[About this exercise] For the records that follow, give the number of lines in which the word "Life" occurs, with nothing added.
(Source data begins)
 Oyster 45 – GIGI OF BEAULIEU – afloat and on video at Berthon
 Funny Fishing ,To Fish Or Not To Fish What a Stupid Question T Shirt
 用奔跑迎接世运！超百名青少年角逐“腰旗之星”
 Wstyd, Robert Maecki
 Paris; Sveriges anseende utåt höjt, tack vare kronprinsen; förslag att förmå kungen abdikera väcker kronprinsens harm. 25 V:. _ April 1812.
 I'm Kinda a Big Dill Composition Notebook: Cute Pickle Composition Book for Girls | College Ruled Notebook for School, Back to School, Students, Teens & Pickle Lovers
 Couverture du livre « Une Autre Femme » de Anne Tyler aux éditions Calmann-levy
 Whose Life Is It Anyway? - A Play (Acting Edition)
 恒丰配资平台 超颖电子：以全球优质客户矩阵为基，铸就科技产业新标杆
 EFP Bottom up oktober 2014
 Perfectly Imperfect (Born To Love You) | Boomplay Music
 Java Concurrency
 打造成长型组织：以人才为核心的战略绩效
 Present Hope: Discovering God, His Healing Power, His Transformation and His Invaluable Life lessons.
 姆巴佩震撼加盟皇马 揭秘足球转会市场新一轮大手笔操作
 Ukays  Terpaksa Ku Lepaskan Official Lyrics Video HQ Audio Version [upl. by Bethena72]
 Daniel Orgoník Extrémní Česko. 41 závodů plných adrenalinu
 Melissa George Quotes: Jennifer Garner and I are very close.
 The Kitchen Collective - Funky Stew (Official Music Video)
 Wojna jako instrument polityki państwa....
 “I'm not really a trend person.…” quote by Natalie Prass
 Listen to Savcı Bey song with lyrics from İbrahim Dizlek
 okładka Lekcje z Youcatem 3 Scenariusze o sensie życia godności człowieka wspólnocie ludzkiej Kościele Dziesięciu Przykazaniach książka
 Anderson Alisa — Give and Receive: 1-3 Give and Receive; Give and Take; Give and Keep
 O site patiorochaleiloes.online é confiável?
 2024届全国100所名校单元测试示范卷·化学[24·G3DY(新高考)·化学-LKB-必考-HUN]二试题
(Source data ends)
[Written solution] 2